Not at all. I started very "fly by the seat of your pants" and I'm constantly evaluating which pieces of the design puzzle work financially, and for me personally. It's an ongoing evaluation.
Do you use a tech editor?
Absolutely! My pattern skills have grown immensely because of it. I learned very early on that it is a very different thing to create a hand knit yourself then to write a knitting pattern for it. I owe a lot to my tech editors. They're amazing and I adore them.
How do you maintain your life/work balance?
Ha! It's a work in progress.
How do you deal with criticism?
I always welcome constructive criticism. Like I said, I went to Art School. Art work was constantly discussed and deconstructed in detail. I'm not adverse to constructive criticism, I welcome it. Criticism that is just nasty or mean hearted however, I have no patience for. There are valid criticisms (ie. your pattern has an error, the way this is written is confusing, etc.) there are criticisms that are helpful but may be a personal preference (I prefer top down construction) and then there is just plain mean.

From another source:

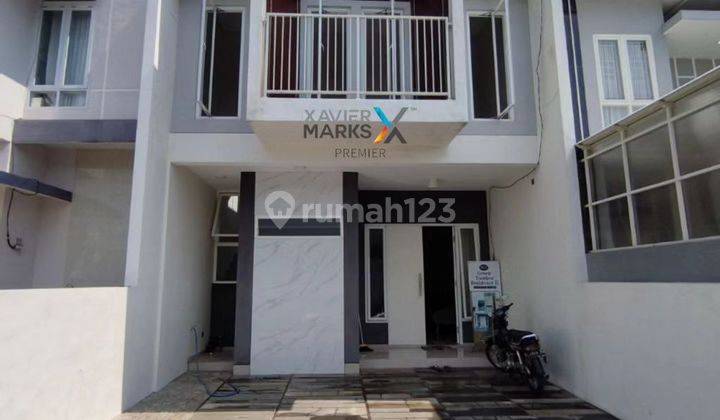 Rumah Baru Turun Harga Di Jalan Ikan Ikan Lowokwaru Malang 1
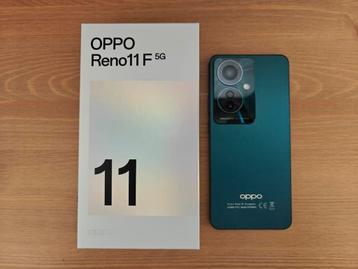 Smartphone Oppo Reno 11F 5G 8GB 256 GB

As I recently said on Instagram in response to a nasty email: "It takes a tremendous amount of time to create a knitting pattern. It is, in its essence, a creative act. 2. It is difficult to write a pattern that works for every individual and their personal preferences. 3. Even after thorough writing, editing, and testing sometimes errors do occur. We are all humans, not machines. If a pattern is not written to your personal preferences, or if you happen to find an error, that does not give you the right to insult or berate the pattern writer. Let's all remember that there is a human person on the other end of an electronic communication receiving your negativity. And beside the fact that I work really, really hard to create the best knitting patterns I can, for virtually no return, it is hurtful and simply unnecessary to put that kind of ill feeling into the world. This is knitting here. And if we can't even be kind and civil over some wool and needles, how are you we going to solve the bigger problems of the world?"
How long did it take for you to be able to support yourself?
I'm still working on that goal! While I've started to see my sales go up, it takes a lot of time to create a knitting pattern, plus editing costs, paying a model, yarn, etc., etc. Add to that the overhead of program costs, website hosting, etc. While the overhead isn't as much as some businesses, there is overhead. I've seen that it is possible to make money doing this, but I'm not there yet.
What advice would you give someone who wants to pursue a career in knitting?
Give it careful thought. Try a few patterns to see if it's something you like doing. Talk to other designers. And listen to Tara Swiger's podcasts, because they have helped me be thoughtful about my business in countless ways! And find a way to strike a balance so that you don't lose your hobby to work!
What’s next for you?
There is a lot going on for me right now. I am currently working on a book, MAINE Knits that was funded through a Kickstarter campaign. It has designs from 10 different Maine designers, including myself, Carrie Bostick Hoge, Alicia Plummer, Bristol Ivy, Cecily Glowik Mcdonald, Mary Jane Mucklestone, Elizabeth Smith, Leah B. Thibault, Kristen TenDyke, Leila Raabe.
On top of that, I've just started a new job. For the past several years I've been home with my 2 and 4 year olds. Now I'm excited to work outside the home, but this will definitely mean a slow down for my design work. I'm looking forward to the chance to do some reflection on why I do this and how it serves me in my life. And I'm very much looking forward to some personal knitting time!